We stopped at the little cafe for drink and sat at a table with hubcaps in the middle.  Can't you just see hear someone saying, "Yes, I know we're closing down the factory, but be sure to save the hubcaps so we can use them for decorations later."  I'm sure they have a lot more hub caps stuffed in nooks and crannies all over the place.
Downstairs in the basement is a Studebaker and Humvee military exhibit on the right and double-rack storage for cars they rotate through the upstairs museums on the left.  They call it "Visible Vehicle Storage".  Works for me.
Want to see more Studebakers?   Click the link:  Studebaker Natl Museum 

September 25, 2013

9/17/13 - South Bend Chocolate Factory Tour

When we finished with our tour of the northeast this summer, I asked George if he'd like to go to Elkhart, IN, RV Capital of the World, and where the Heartland factory where our Big Country was made.  He jumped at it, so I routed us through Ohio and Indiana.  Now we're residing at a hotel, and trying to find things to do while we're waiting for some service work to be done on the 5th wheel.  Someone suggested the South Bend Chocolate Factory tour.
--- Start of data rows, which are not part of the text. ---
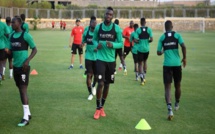 CAN 2019 :  les Lions surveillés par GPS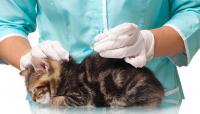 Foto Reazione allergica al vaccino nei Gatti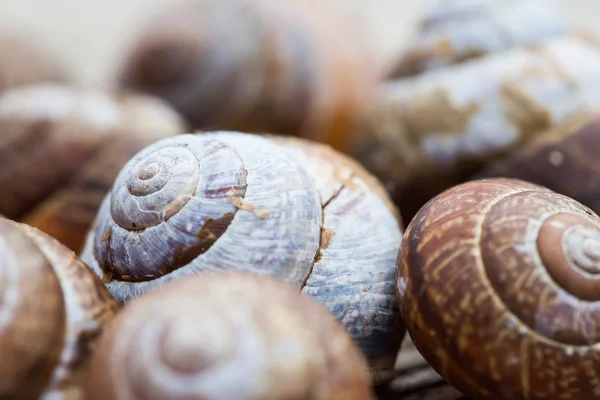 Caracol conchas foto foco seletivo — Fotografia de Stock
The Basic Factory Tour is free, and it's fun.  Since it starts on the hour, we had about 20 minutes to wait so we wandered over to the Chocolate Museum.  They have a lot of chocolate memorabilia, including old chocolate boxes and signs.  

We were hanging around the lobby looking at the educational stuff about chocolate, waiting for our tour guide.  I knew chocolate is made from cacao beans.  I didn't know cacao beans came out of these huge pods, that look like some kind of exotic squash or melon.  The pods grow on the trunk of the cacao tree, which probably couldn't support them anywhere else.  Pretty weird looking, huh?

After a little discussion about the history of chocolate, we had to don covers for our hair.  George had to have a little hairnet for his mustache too.  I have pictures of me too--but there's no way I'm posting it here.  Ha!
Then we headed into the kitchen.  They were making chocolate-covered raisins (or was it cherries?) that day.  We got a sample of that--and a sample of chocolate turtles.  When I asked if we could hang out around the turtles for awhile, our guide just giggled.

Next we headed into the packaging and packing (packing and packaging?) section of the plant.  I'd never heard of South Bend Chocolates before, so I figured they were regional.  Turns our they make chocolate for other companies (like Costco) and slap their brands on the boxes.

Next stop was the I-have-no-idea-what-they-call-it-area where they have molded chocolates.  They have chocolate polar bears (why didn't they use white chocolate?), chocolate Studebakers (they were made in South Bend) and even chocolate dinosaur teeth!  (Apparently the company president digs dinosaurs.)  I thought they looked like knives, but George guessed dinosaurs right off.

 We ended up in the outlet store,which they call "Almost Perfect".  We bought some regular chocolate, and some pumpkin flavored chocolate covered malted milk balls too.  (I think there should probably be some hyphens in that mess, but I'm not even going to try!)  I would have bought a game but they were out of stock--and I don't even like Monopoly!